[[ Data for this task, beginning ]]

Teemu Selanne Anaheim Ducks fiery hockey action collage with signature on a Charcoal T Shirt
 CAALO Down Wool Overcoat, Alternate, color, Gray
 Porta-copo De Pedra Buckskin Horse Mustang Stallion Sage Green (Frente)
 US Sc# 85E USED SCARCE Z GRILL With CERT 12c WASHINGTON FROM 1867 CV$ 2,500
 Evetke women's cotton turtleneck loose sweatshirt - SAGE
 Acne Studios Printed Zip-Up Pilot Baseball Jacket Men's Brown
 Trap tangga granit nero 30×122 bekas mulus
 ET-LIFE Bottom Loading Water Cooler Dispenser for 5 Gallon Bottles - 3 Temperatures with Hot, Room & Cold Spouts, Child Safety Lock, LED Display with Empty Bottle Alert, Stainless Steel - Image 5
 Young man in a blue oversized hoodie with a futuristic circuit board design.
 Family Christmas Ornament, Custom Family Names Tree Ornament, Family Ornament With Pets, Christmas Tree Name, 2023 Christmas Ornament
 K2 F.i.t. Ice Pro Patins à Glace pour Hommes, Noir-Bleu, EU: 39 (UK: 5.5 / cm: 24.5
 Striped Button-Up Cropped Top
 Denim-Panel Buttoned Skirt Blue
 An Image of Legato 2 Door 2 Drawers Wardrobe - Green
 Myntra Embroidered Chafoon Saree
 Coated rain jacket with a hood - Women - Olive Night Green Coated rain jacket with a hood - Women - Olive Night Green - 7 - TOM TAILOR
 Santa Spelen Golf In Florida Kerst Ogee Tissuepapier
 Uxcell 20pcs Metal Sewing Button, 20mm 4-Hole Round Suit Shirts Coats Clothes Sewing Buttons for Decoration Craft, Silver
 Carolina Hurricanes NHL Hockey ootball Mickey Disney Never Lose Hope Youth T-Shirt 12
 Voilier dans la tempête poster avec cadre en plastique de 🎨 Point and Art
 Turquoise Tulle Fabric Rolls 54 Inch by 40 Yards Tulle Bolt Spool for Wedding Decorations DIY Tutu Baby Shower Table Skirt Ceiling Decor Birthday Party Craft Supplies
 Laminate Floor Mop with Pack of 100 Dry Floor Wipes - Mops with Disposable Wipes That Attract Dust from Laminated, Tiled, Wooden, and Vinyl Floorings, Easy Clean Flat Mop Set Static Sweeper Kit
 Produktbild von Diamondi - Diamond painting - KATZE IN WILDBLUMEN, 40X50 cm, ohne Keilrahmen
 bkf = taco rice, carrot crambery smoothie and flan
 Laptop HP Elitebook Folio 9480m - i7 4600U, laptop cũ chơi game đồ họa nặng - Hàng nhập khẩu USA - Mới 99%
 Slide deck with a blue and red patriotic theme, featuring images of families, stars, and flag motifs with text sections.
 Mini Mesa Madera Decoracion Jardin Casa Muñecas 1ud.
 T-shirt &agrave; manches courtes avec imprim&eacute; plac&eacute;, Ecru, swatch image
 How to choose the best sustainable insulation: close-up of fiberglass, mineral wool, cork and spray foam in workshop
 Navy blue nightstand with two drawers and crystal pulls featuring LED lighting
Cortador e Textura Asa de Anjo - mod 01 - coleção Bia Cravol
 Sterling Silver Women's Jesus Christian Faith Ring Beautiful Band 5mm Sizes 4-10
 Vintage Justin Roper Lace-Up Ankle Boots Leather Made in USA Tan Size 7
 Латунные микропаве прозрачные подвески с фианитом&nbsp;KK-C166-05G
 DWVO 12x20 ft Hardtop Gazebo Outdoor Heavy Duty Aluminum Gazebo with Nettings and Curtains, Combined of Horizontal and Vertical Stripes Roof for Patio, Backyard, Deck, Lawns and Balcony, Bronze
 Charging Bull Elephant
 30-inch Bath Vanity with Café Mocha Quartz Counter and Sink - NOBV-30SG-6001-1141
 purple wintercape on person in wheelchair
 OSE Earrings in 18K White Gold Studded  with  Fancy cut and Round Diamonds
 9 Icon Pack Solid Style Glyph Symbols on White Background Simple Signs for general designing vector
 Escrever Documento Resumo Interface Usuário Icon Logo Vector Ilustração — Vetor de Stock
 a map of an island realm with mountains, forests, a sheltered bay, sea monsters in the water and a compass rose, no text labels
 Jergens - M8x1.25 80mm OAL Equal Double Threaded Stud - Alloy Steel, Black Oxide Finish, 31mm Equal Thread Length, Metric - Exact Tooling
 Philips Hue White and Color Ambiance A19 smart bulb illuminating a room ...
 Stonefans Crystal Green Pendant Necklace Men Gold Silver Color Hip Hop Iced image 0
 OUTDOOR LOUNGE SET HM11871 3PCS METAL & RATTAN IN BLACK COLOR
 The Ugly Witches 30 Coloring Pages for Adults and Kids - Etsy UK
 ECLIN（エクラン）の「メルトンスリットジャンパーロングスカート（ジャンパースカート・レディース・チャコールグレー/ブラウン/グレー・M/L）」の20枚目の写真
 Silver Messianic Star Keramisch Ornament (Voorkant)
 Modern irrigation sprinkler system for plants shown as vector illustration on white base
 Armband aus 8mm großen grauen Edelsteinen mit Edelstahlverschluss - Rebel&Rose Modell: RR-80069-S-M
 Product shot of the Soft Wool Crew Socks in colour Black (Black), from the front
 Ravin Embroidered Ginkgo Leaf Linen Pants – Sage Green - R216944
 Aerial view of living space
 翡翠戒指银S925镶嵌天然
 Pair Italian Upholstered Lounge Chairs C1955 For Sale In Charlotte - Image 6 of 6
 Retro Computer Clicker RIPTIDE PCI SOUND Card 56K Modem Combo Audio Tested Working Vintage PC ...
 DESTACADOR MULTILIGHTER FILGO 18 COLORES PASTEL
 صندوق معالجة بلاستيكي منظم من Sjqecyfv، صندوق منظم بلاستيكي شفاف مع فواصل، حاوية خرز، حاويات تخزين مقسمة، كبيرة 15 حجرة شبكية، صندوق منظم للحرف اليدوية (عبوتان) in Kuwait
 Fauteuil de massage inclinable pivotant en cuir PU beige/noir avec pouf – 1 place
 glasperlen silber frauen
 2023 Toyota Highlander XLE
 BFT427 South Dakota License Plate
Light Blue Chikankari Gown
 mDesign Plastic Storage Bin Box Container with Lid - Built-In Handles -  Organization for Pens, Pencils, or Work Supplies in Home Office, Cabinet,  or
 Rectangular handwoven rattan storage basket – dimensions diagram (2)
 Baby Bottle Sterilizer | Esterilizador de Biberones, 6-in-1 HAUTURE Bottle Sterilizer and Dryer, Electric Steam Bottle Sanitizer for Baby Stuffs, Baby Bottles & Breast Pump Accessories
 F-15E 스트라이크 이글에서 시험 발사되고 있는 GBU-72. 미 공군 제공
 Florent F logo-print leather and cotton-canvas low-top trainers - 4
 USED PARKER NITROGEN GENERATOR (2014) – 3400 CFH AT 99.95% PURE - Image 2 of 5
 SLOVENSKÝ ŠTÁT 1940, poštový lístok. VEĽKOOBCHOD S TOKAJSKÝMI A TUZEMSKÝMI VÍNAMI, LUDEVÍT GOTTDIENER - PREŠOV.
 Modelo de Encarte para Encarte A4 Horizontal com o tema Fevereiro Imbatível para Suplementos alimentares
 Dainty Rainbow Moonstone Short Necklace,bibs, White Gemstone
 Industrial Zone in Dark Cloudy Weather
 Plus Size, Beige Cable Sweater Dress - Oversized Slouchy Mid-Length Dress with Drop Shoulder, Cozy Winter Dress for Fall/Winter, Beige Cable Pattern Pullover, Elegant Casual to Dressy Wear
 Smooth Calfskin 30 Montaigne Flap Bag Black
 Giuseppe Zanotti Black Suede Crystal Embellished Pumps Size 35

[[ Data for this task, end ]]

Aim of the task: Write out exactly the lines above from the line with "Philips Hue White" through the line with "Modelo de Encarte", both of them included, and leave out all other lines.

Your solution:
 Philips Hue White and Color Ambiance A19 smart bulb illuminating a room ...
 Stonefans Crystal Green Pendant Necklace Men Gold Silver Color Hip Hop Iced image 0
 OUTDOOR LOUNGE SET HM11871 3PCS METAL & RATTAN IN BLACK COLOR
 The Ugly Witches 30 Coloring Pages for Adults and Kids - Etsy UK
 ECLIN（エクラン）の「メルトンスリットジャンパーロングスカート（ジャンパースカート・レディース・チャコールグレー/ブラウン/グレー・M/L）」の20枚目の写真
 Silver Messianic Star Keramisch Ornament (Voorkant)
 Modern irrigation sprinkler system for plants shown as vector illustration on white base
 Armband aus 8mm großen grauen Edelsteinen mit Edelstahlverschluss - Rebel&Rose Modell: RR-80069-S-M
 Product shot of the Soft Wool Crew Socks in colour Black (Black), from the front
 Ravin Embroidered Ginkgo Leaf Linen Pants – Sage Green - R216944
 Aerial view of living space
 翡翠戒指银S925镶嵌天然
 Pair Italian Upholstered Lounge Chairs C1955 For Sale In Charlotte - Image 6 of 6
 Retro Computer Clicker RIPTIDE PCI SOUND Card 56K Modem Combo Audio Tested Working Vintage PC ...
 DESTACADOR MULTILIGHTER FILGO 18 COLORES PASTEL
 صندوق معالجة بلاستيكي منظم من Sjqecyfv، صندوق منظم بلاستيكي شفاف مع فواصل، حاوية خرز، حاويات تخزين مقسمة، كبيرة 15 حجرة شبكية، صندوق منظم للحرف اليدوية (عبوتان) in Kuwait
 Fauteuil de massage inclinable pivotant en cuir PU beige/noir avec pouf – 1 place
 glasperlen silber frauen
 2023 Toyota Highlander XLE
 BFT427 South Dakota License Plate
Light Blue Chikankari Gown
 mDesign Plastic Storage Bin Box Container with Lid - Built-In Handles -  Organization for Pens, Pencils, or Work Supplies in Home Office, Cabinet,  or
 Rectangular handwoven rattan storage basket – dimensions diagram (2)
 Baby Bottle Sterilizer | Esterilizador de Biberones, 6-in-1 HAUTURE Bottle Sterilizer and Dryer, Electric Steam Bottle Sanitizer for Baby Stuffs, Baby Bottles & Breast Pump Accessories
 F-15E 스트라이크 이글에서 시험 발사되고 있는 GBU-72. 미 공군 제공
 Florent F logo-print leather and cotton-canvas low-top trainers - 4
 USED PARKER NITROGEN GENERATOR (2014) – 3400 CFH AT 99.95% PURE - Image 2 of 5
 SLOVENSKÝ ŠTÁT 1940, poštový lístok. VEĽKOOBCHOD S TOKAJSKÝMI A TUZEMSKÝMI VÍNAMI, LUDEVÍT GOTTDIENER - PREŠOV.
 Modelo de Encarte para Encarte A4 Horizontal com o tema Fevereiro Imbatível para Suplementos alimentares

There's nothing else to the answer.